Donald Glover — otherwise known as the rapper Childish Gambino — is a particularly potent kind of celebrity today. He’s certainly prolific: having gotten his big break writing for 30 Rock, he followed that up with standup specials, a celebrated role as Troy Barnes on NBC’s Community, and a string of rap albums that culminated in 2011’s Camp, his first studio release. However, he also manages to balance his freewheeling creative life with a sizeable digital footprint: He tweets in torrents. He does guest appearances on podcasts as disparate as The Nerdist and Rosenberg Radio. He has performed in numerous viral videos with the Derrick Comedy troupe. The list goes on.
So it was surprising that the actor all but vanished from the public eye earlier this year. He’d scrubbed his Twitter and Instagram accounts. He wasn’t doing many shows. So great was the alarm that Time Magazine wondered aloud, “Where Is Donald Glover?”
Actually, he was recording an album — perhaps his most ambitious to date. Because the Internet is the artist’s second studio effort, and listeners might find it’s very much a post-fame record at first blush. It has all the trappings of a work crafted by an artist grappling with success, excess, and the exhaustion that comes with it. But what’s interesting here is how he plays with that trope from a net native’s perspective. His fame is a distinctly online-driven kind of fame, after all. As such, the language of the work is colored by internet life as he’s lived it. What results is a thoughtful if somewhat ungainly commentary on how people relate on- and offline.

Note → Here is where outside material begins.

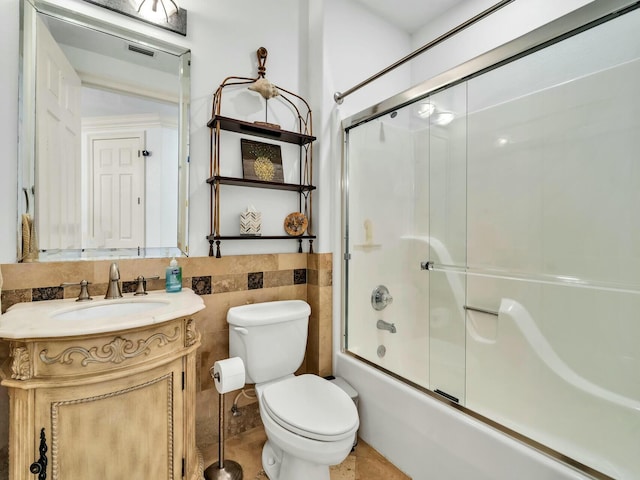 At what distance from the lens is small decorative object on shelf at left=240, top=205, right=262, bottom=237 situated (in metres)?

“[The internet is] very powerful, but it becomes very dangerous if we let it,” Glover told The Verge at a mansion party promoting the album. “I just want people to be thinking about what we’re doing.” That sentiment permeates the entire album, with frequent mentions of trolling, social media, and WorldStarHipHop, all the way down to the GIF-inspired lenticular album art. Meanwhile, metaphors for the web, including lyrics about surfers and spiders, abound, all alongside the lines about race and Clarissa Explains It All. It’s a solid record, even as it verges on over-produced and even maudlin at times. Make no mistake; fans can still expect the hyper-clever, oversexed lyricism that put Childish Gambino on the map. There’s still fun to be had here. But the lyrics are also suffused with his own mixed feelings about being caught up in his digital persona. This is no dissertation, but he makes a fair argument for how his use of the internet contributed to his burnout — especially in the latter half of the album.
Paradoxically, Glover has also gone out of his way to create a veritable concept world surrounding the work, all made with the virtual keenly in mind. This was clearly a massive effort, but it kind of undermines his already hazy thesis. First there’s the Groundhog Day-esque short film, “Clapping for the Wrong Reasons,” he released in August to set the stage.
Then there’s the 73-page screenplay released last week that tells the album’s narrative, littered with LOLs, emoticons, and short scenes captioned in image macro type. Finally, there’s the collaboration he did with Tumblr IRL to create an almost psychedelic installation at the Rough Trade record store in Williamsburg. As Nate Auerbach, Tumblr’s music evangelist, explained, the installation is meant to help put the "feels" back into the music.
That Glover is making use of so much media to comment on media saturation might seem like a huge troll. But that may have everything to do with his having so many feels about the internet in general, all clamoring for an audience. It’s empowering, yet destructive. It brings people together and divides them. And yet we’re stuck with it. Glover’s signature "I’m a mess" self-awareness extends to this commentary to make clear how overwhelming and all-consuming the internet is.
In the end, Because the Internet was made for the internet, messy as it is. Donald Glover just isn’t quite up to the task of encapsulating everything about his subject matter. He must know that it’s much bigger than him. For what it’s worth, he’s still better than most at making good internet. The rest of us have a ways to go. "That’s why I want people to be coding," he explains, "so they don’t have to ask somebody to change something. I just feel like that’s the language that we should all be speaking."